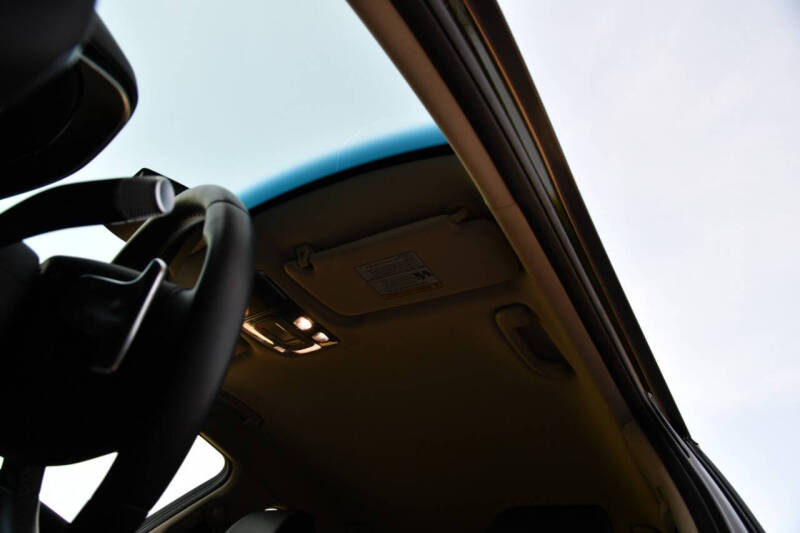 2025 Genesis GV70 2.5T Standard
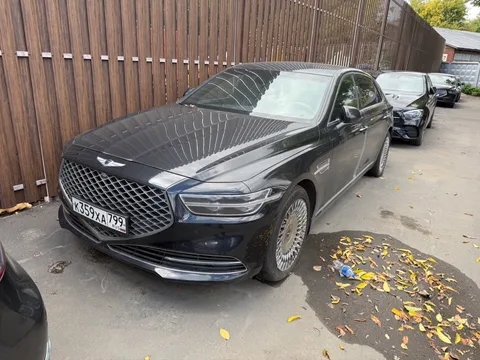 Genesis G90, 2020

---

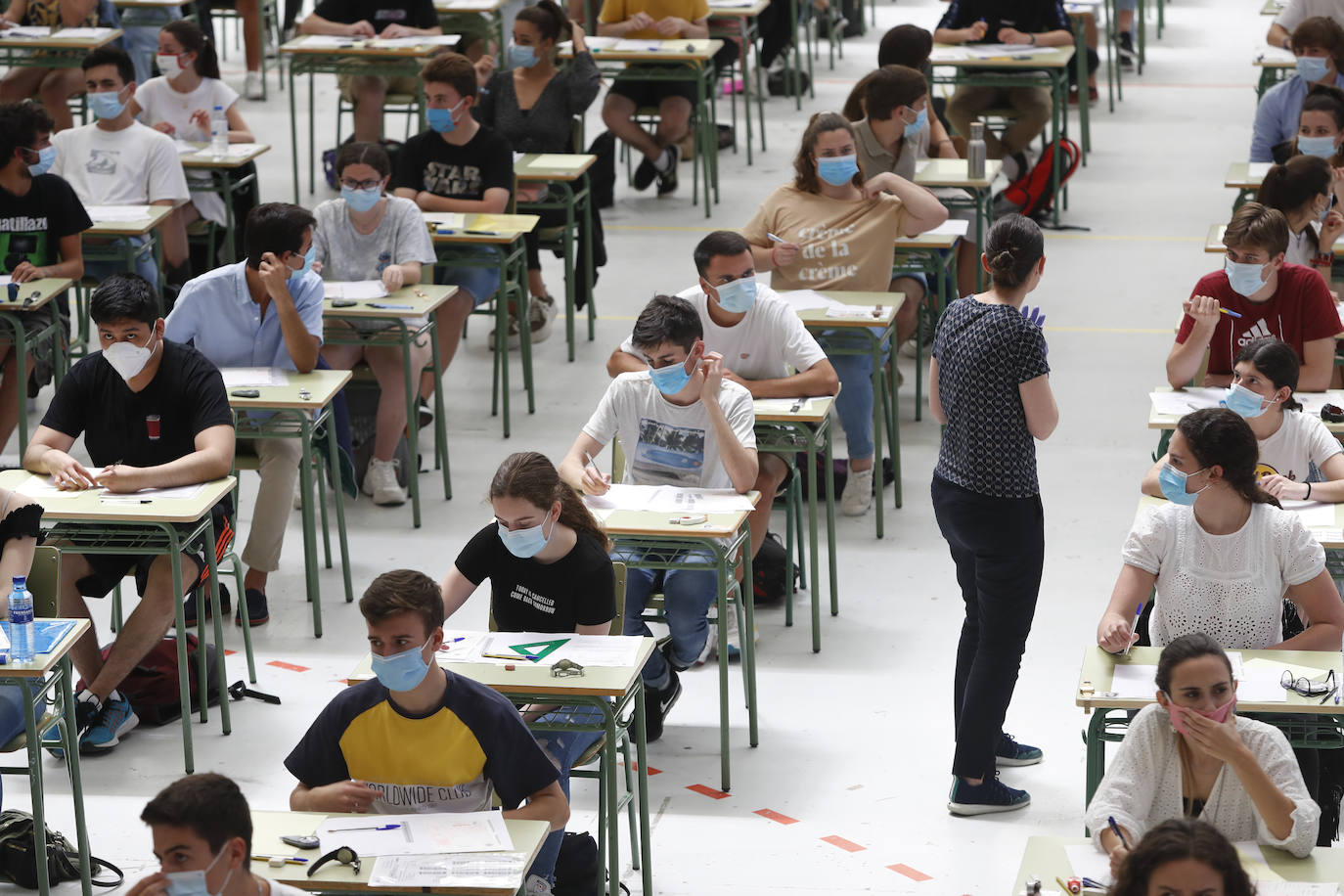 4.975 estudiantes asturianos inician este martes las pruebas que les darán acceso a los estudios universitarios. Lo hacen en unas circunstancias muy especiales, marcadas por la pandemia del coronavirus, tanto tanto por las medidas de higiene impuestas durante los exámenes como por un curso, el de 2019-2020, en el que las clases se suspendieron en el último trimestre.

Assignment
Using the data above, output the line that has "2025 Genesis GV70 2.5T Standard", the line that has "Genesis G90, 2020", and whatever lines fall between, each exactly as it stands and without pictures.

Problem solution
 2025 Genesis GV70 2.5T Standard
 Genesis G90, 2020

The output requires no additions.